NEW YORK — Spring previews at Polo Ralph Lauren showed insight into a multi-level brand strategy that grows ever more crystalline, making the sub-brands more identifiable than ever.
“You go from Polo to Purple Label, Black Label and RLX, which are all different,” said chairman and chief executive Ralph Lauren. “They could be worn by the same guy or they could be different. Some guys just say, ‘I’m a Black Label guy,’ or some guys only want the luxury of Purple Label. I could wear it all because I like playing with clothes and I like the diversity of a wardrobe.”
The first spring delivery of the Polo collection is a cheerful statement of vivid, saturated color, unabashed preppiness, and the appeal of looking pressed and pristine despite the proximity of (perhaps imaginary) horses.
That delivery gives way to a much more timeworn aesthetic. A nautical group is predominantly navy and white, with nearly everything washed and rumpled.
“This has a vintage quality but it’s mixed with cashmere, with wool,” Lauren said. A pinstripe jacket and vest, for example, turn out to be made of cashmere knit upon inspection. A black and white group is similarly textured, but with hints of vintage gym clothes. And the final Polo delivery is vintagey, South Pacific beachy. There is a yellowed madras shorts suit, an ink-stained trench, and swim trunks that have cargo styling and WWII-era screened graphics.
Moving on to RLX, the company has clearly worked hard to develop the identity of this sub-brand.

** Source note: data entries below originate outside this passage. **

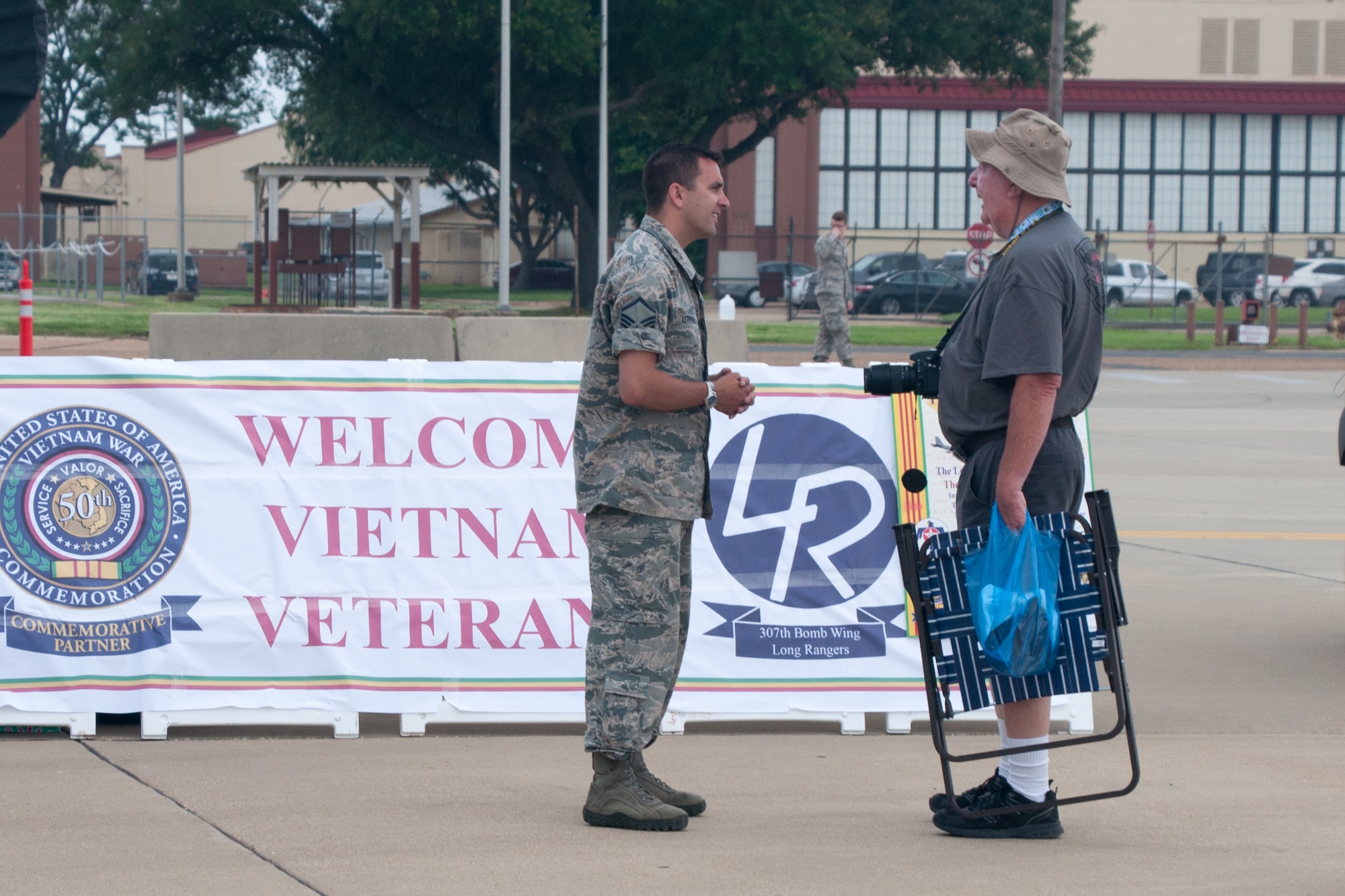 Master Sgt. Jeremy Utphall, of the 307th Bomb Wing, speaks to a veteran from the Vietnam War during the Barksdale Defenders of Liberty Air Show on Barksdale Air Force Base, La., May 1, 2016. The Wing is a partner with the United States of America Vietnam War Commemoration recognizing veterans’ sacrifices during the 50th anniversary of the Vietnam War. (U.S. Air Force photo by Master Sgt. Dachelle Melville/Released)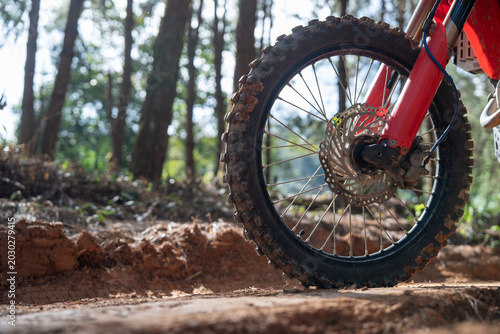Konstfotografi Close up of dirt bike wheel on muddy trail in forest, showcasing adventure and o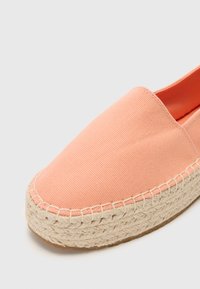 Espadrille en toile orange pâle avec un bout arrondi, semelle en corde de jute et couture contrastante le long du bord. Design simple et facile à enfiler.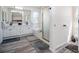 Bright bathroom boasts dual sinks, a glass shower, a soaking tub and modern fixtures at 16084 Stonebriar Dr, Parker, CO 80134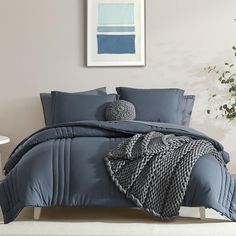 a bed with blue comforters and pillows in a room next to a potted plant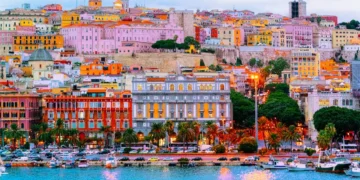 Old Sardinian Port with ships at Mediterranean Sea and city of Cagliari, South Sardinia Island in Italy in summer. Cityscape with marina and Yachts and boats in town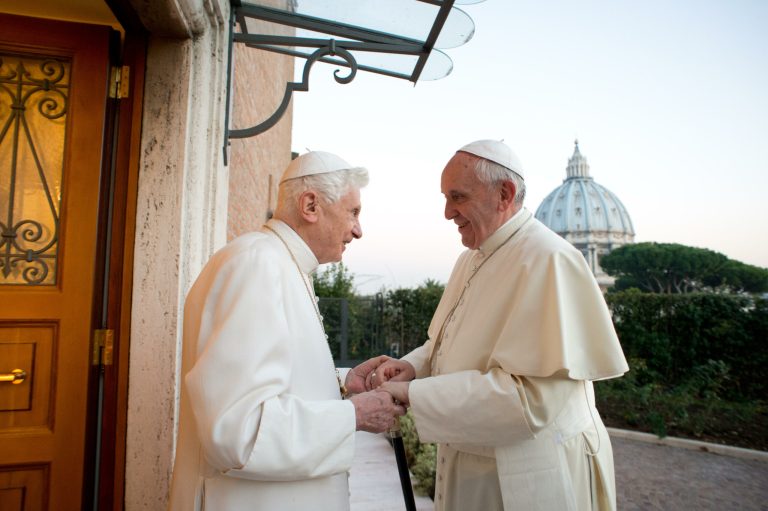 In this file picture provided by the Vatican newspaper L'Osservatore Romano on Dec. 23, 2013, Pope Emeritus Benedict XVI, left, welcomes Pope Francis as they exchanged Christmas greetings, at the Vatican. It was a holiday at the Vatican and Pope Benedict XVI was speaking in Latin at an arguably boring ceremony announcing new saints, so few people were paying much attention. But what Benedict said a year ago Tuesday changed the course of the 2,000-year-old Catholic Church and paved the way for the historic papacy of Pope Francis. In his soft voice and in a Latin that the cardinals present strained to understand, Benedict announced that he no longer had the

“You know that RLX is technological product, but we’ve made it into fashion,” Lauren said. “It’s got style and sleekness and modernness.”
Utilitarian and aviator-influenced pieces mix with polished pieces and metallic accessories to give the collection an upscale vibe that should suit the private-jet-share set. The company has also found that RLX integrates well with Ralph Lauren Black Label, from a styling standpoint.
The full Black Label collection offers streamlined tailoring and buttery leathers. Some surprising colors, like tangerine and turquoise, have been injected, but whittled silhouettes with narrow ties and lapels, along with an absence of pattern or embellishment, keep the overall effect relatively minimalist.
Ralph Lauren Purple Label, on the other hand, is the most luxurious and most custom-made offering and therefore more flamboyant. Yacht-worthy ensembles of dark jackets and brightly colored linen pants are finished with a brilliant neckerchief, ascot or 4 1/4-inch tie in a paisley or English floral pattern.
Lauren launched his 40-year-old company with wide ties, but he said these Purple Label ties were not intended to be a retrospective gesture.
“I just felt it was exciting for right now. The boldness of the colors and patterns makes the whole look exciting. For years the tie was put away. Guys were wearing shirts and suits with no tie. I think that’s over,” he said. “The tie is the news.”
In other news, Purple Label gets its own logo for spring. Embroidered on flat-knit cashmere sweaters and piqué polo shirts, the jockey and horse are, appropriately, at full gallop.